Pregnancy comes with a whole host of side-effects, some of which can last for years after you’ve given birth. I personally don’t know any mothers whose bodies went completely back to normal! Some of them are common and expected, like stretchmarks and saggy skin. But others are more surprising, and may not even present until much later. Uterine prolapse is a condition that affects many women. But it’s most commonly found in postmenopausal women and those who’ve had multiple pregnancies or vaginal births. Here’s everything you need to know about the condition, and some ways to help manage it.
Uterine prolapse happens when you pelvic floor muscles and ligaments weaken and stretch so much that they can no longer support your uterus.

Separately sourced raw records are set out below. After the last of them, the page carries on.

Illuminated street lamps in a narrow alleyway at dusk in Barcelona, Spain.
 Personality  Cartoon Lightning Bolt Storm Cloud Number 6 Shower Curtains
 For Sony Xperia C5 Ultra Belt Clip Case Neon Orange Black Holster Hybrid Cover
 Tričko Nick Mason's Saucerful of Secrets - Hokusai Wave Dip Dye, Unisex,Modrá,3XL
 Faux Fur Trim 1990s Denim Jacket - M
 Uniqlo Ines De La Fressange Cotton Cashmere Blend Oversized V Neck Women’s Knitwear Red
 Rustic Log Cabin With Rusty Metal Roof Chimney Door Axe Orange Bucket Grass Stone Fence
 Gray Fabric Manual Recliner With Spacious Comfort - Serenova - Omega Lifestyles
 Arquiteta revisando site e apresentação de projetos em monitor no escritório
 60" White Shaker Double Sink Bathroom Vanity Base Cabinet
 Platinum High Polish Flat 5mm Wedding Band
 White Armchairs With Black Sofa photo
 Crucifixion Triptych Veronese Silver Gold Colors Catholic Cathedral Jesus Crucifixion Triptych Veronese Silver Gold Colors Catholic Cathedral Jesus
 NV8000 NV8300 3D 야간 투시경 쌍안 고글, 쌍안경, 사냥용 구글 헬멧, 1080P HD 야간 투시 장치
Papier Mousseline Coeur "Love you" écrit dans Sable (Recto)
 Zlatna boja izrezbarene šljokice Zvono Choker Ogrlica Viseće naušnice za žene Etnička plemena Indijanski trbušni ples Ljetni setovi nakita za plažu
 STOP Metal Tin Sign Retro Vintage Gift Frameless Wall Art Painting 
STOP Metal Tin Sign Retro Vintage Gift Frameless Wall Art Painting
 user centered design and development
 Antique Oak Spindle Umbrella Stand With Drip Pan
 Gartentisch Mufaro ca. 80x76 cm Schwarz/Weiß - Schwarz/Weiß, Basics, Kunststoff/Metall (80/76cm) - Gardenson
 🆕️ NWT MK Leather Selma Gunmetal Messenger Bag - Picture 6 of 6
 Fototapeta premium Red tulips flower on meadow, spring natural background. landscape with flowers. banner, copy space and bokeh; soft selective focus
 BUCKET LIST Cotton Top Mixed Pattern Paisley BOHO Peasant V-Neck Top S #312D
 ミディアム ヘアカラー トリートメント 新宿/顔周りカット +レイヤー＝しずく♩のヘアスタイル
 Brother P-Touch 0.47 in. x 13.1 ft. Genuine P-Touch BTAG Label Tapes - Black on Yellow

As a result of the weakened pelvic floor, the uterus can slide into the vagina. There are two types of prolapse: incomplete and complete. In incomplete uterine prolapse, the uterus partially sags down into the birth canal. In complete prolapse, the uterus may fall so far down that some tissue protrudes outside the vagina. It can occur at any time and any age, but is most common in postmenopausal women and women who’ve had multiple pregnancies and/or vaginal deliveries.
Other causes of prolapse include having a large baby, a difficult or traumatic labor and delivery, obesity, low estrogen levels after menopause, and repeated heavy lifting.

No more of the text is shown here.